On at least two of the goals, there was almost nothing Frei could have done. Dairon Asprilla’s equalizing bicycle kick was virtually unstoppable, as was Juan Mosquera’s laser beam to close things out. Frei at least had a chance to stop the other two, though, and one of them he found especially frustrating.
“The one that bothers me the most is the second goal,” Frei said. “That’s more of a technical error, where I’m too deep and he hits it. I’m stiff, left foot forward, I’m unbalanced, I can’t push. Those are all the things I could have controlled better.”
Doubly frustrating about that goal is when it came. Through 70 minutes, the Sounders were in control, led 1-0 and narrowly missed a couple of opportunities to extend their lead. Before the game, Frei had told his travel roommate Alex Roldan that he felt the Timbers’ most important player was their fans. Up until Asprilla’s goal, the Sounders had done a good job of keeping the fans’ involvement relatively muted.

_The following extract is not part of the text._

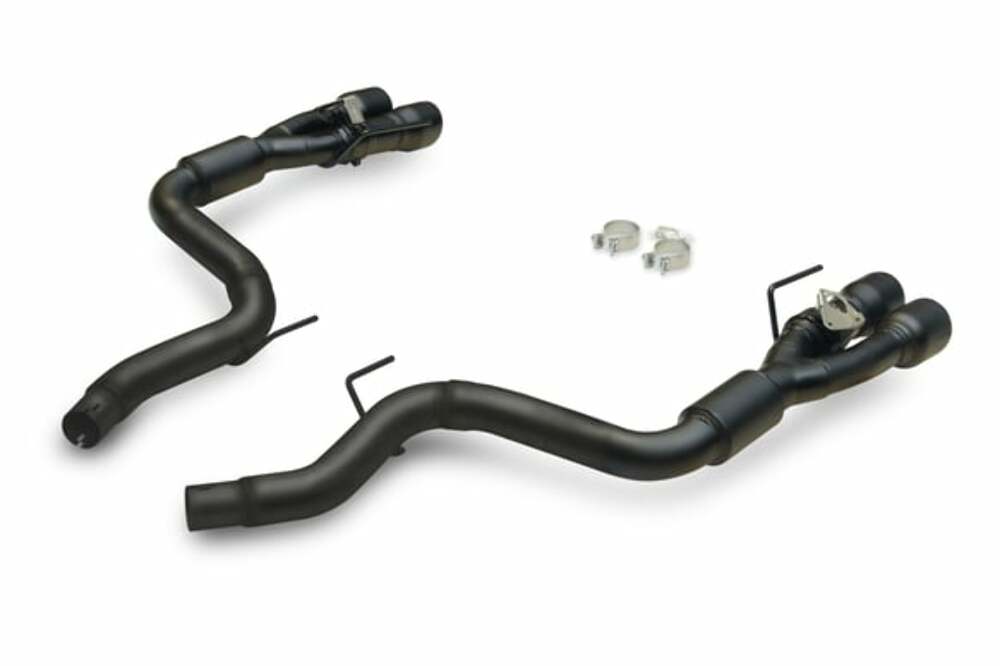 Fits 24 Ford Mustang Gt 5.0L/2.3L, Axle-Back 3" Exhaust System, 4"-Black-818159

But Frei also anticipated that eventually, something would bring them to life. It was the Sounders’ job to make sure they defused any momentum that might be gained.
“That first goal against the run of play and the fashion it happened not only brought their fans alive, but stung us a little bit,” Frei said. “The second goal is a crucial moment. I mess up and could have done better. It’s one of those moments where if I make that save, milk it and take the fans out of it, then we find our feet again. Instead of that it snowballed and we couldn’t stop the bleeding.”
While Frei could have done better on the third goal as well — the initial shot was hit almost right at him and the Timbers eventually scored off the rebound — he was less self-critical.
“I just didn’t see the ball, completely blinded,” he said. “I think someone torpedoed in a little bit. It went to the outside of him. I was expecting it to come out of the left side and instead, it came outside on the right. I was completely off balance, tried to keep it close and it was shitshow from there.”
Of the seven goals Frei has allowed in eight games — his .87 goals-against average is tied for fourth lowest in MLS — three have come off rebounds. Frei pushed back against the idea that it’s a legitimate pattern.
“I would say the only rebound is the Kansas one where there’s a rebound with technical errors,” he said. “LA it goes through four or five guys, you can’t see it. We look at those things and ask ‘Can we get that rebound away?’ But sometimes it happens that you get the rebound away and it goes straight to a guy.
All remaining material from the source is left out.